I've played Lego Batman/Indiana Jones/Harry Potter/Star Wars and they're all pretty good. They bring me back to a simpler time in gaming. Most of them are dirt cheap too.

If she's into athletics and sports games, I don't know too much about them, but I've heard MLB The Show, the 2K games, and NHL 12 are decent. I'm personally a big fan of the older skate boarding games. I believe they recently rereleased the early Tony Hawk games in HD. And as far as non-violent games go, you can't go wrong with The Sims.


----------



## OldSchoolSkater

Awesome! Thanks for the response. I'm thinking the Lego Batman game will be next on the list. 

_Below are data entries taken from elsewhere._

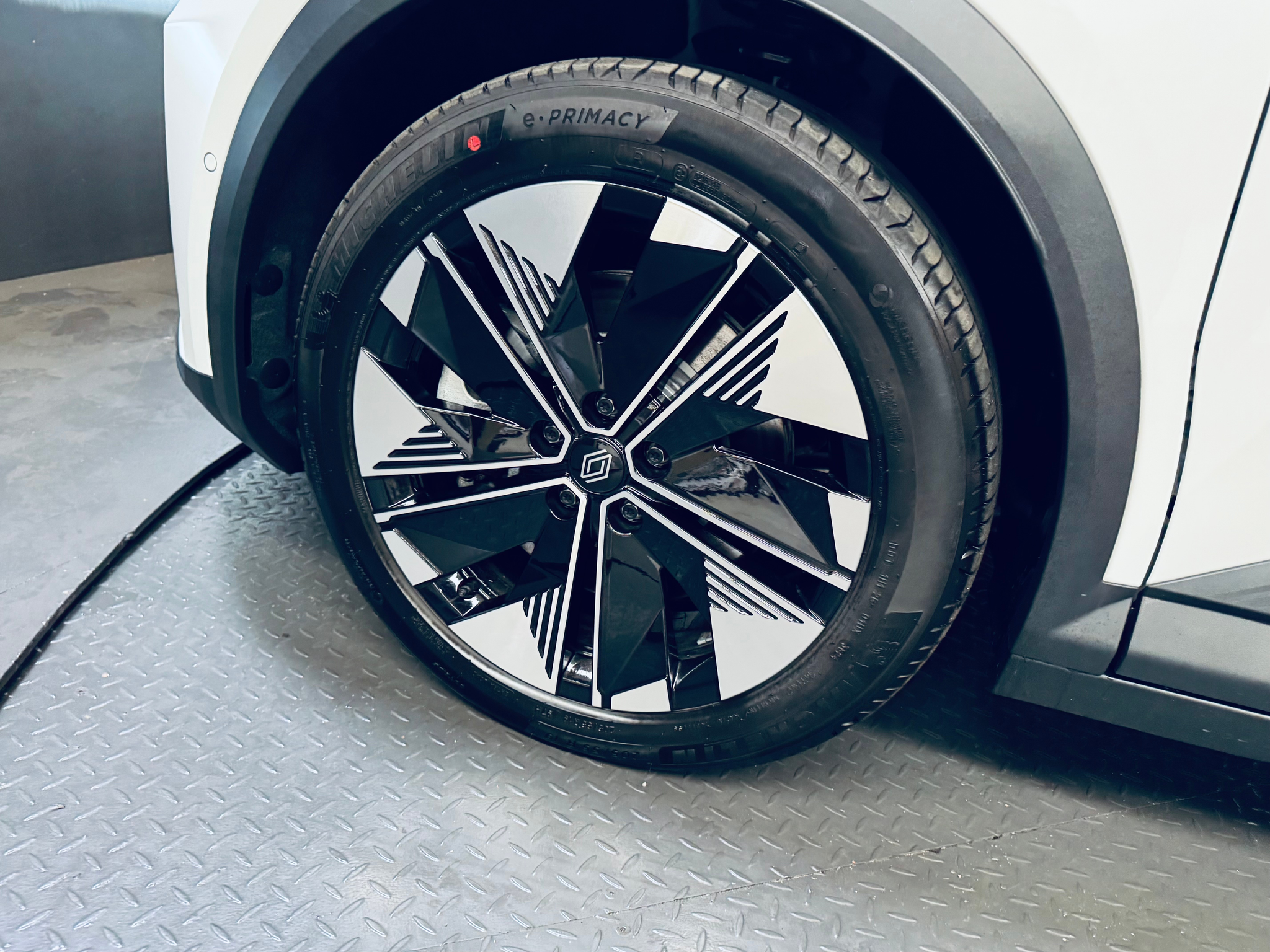 listing desktop thumbnail image 10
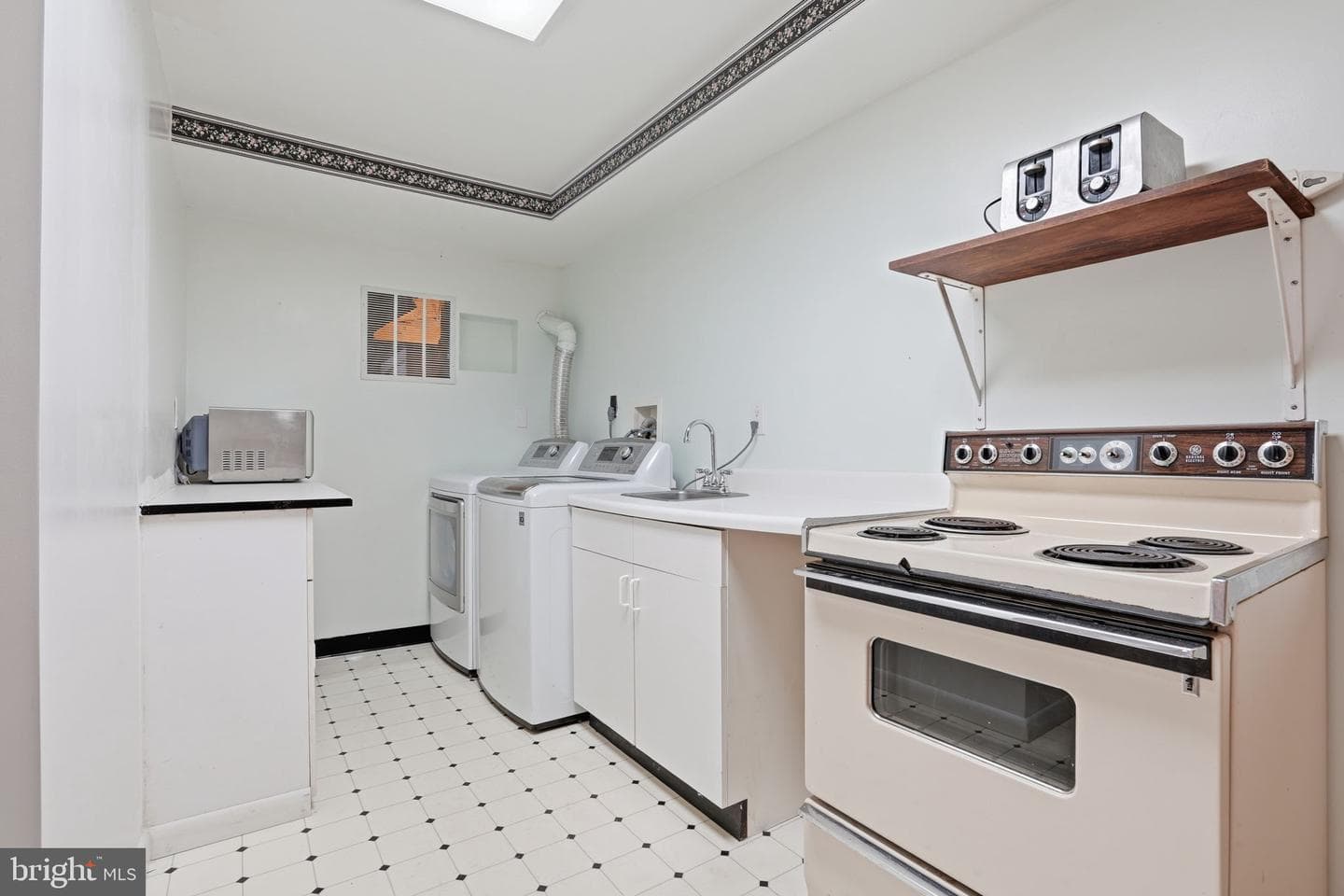 405 Nottingham Road photo 18
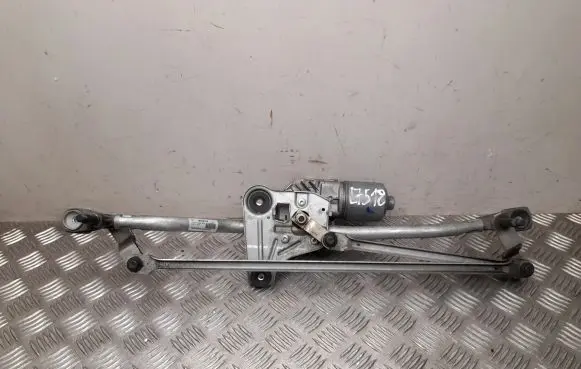 Volvo XC60 Front wiper linkage 30753513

Someone else mentioned the Tony Hawk HD games that are on PSN. I could see her liking those as well. I haven't even had a chance to browse the PSN Store yet but I'm guessing there will be more of what I am looking for on there rather than on a disc.

She said she used to like Fusion Frenzy on Xbox, it was a ton of mini-games and wasn't a long committement every time she wanted to play. She also digs the Mario Party type games. Any ideas on anything like that I should check out? I'm guessing PSN would have that type of thing. 

I remember her saying she'd play NBA2K13 with me. So that'll be fun. I've never played the Sims, and am afraid if I get her hooked on something like that I'll never get a chance to play my own system! Haha. I'll look into it though.

Thanks again and keep the suggestions coming!

Also, if there are any female gamers (as I know there are) with suggestions please let me know!


----------



## Nekomata

I got a PS3 lately myself. And the games I generally have (as a female) include Need for Speed: Most Wanted, Call of Duty: Black Ops 2, Epic Mickey 2: The Power of Two and Assassins Creed 3. I also had Dark Souls already though.

I'm also thinking about getting other games for myself like Persona 4: Arena and stuff, but I'm not sure whether she's into anime arcade style gaming xDD

But yeah, the Lego games are pretty good. My boyfriend has a number of them like Lego Pirates of the Caribbean, Lord of the Rings, Harry Potter.. they're probably good for either gender really...

But yeah, that's my two cents at least ^^;

Edit: Oh, and my bf also has games like Alice: Madness Returns, if she likes a combination of some blood and Alice in Wonderland xD. Dead Island is also good for online play and zombies..~


----------



## Minkiro

Little Big Planet: Karting


----------



## Joe

There's Buzz the quiz game that she might like as well, never played it myself.


----------



## drunkisnature

If you like puzzle games portal 2 is one of the best co-op experiences out there.


----------



## gorbulas

@Nekomata I am pretty sure he said no violent games ...

don't play the ps3 but you don't have many options with no violence. lego games defnitely are a good choice. it might sound lame but my suggestion is maybe everybody dance or just dance, if you have the motion sensor.


----------



## OldSchoolSkater

You guys and girls rule! Thanks so much everyone. 

Nekomata - Dark Souls?!?! Really? I've been offered that game by a coworker and he says that it is necessary for me to not only play it but beat it. It does not sound like my kind of game as I am not very good and get frustrated quickly. I know that's the point of the game - to be frustrating and hard - but I still think I'd get too upset and it wouldn't be any fun. 

I may be able to convince her to try out the Alice game, as it's not like she absolutely hates violence. She just doesn't seem interested in the games that are based solely on killing other people (ie COD). 

LBP: Karting looks pretty cool! I bet she'd like that. She also may like the NFS game Nekomata mentioned. 

Keep 'em coming everyone! I think this thread could be beneficial to others as well. It' s really cool to hear from female gamers. So far I've found that playing together is not only fun but sort of a bonding experience (we're still getting to know one another). So, to any females that get bummed when their boyfriends play a lot of video games I would really recommend trying to get him to play a game with you. I think that even if you don't enjoy games you may enjoy playing together.


----------



## CrimsonTrigger

Have you played Rayman Origins? It's sort of like the 2D Mario games. It's violent in the sense that any game that involves enemies is violent. It's available on all systems, but I have the PS3 version. It can get kind of challenging at times.


----------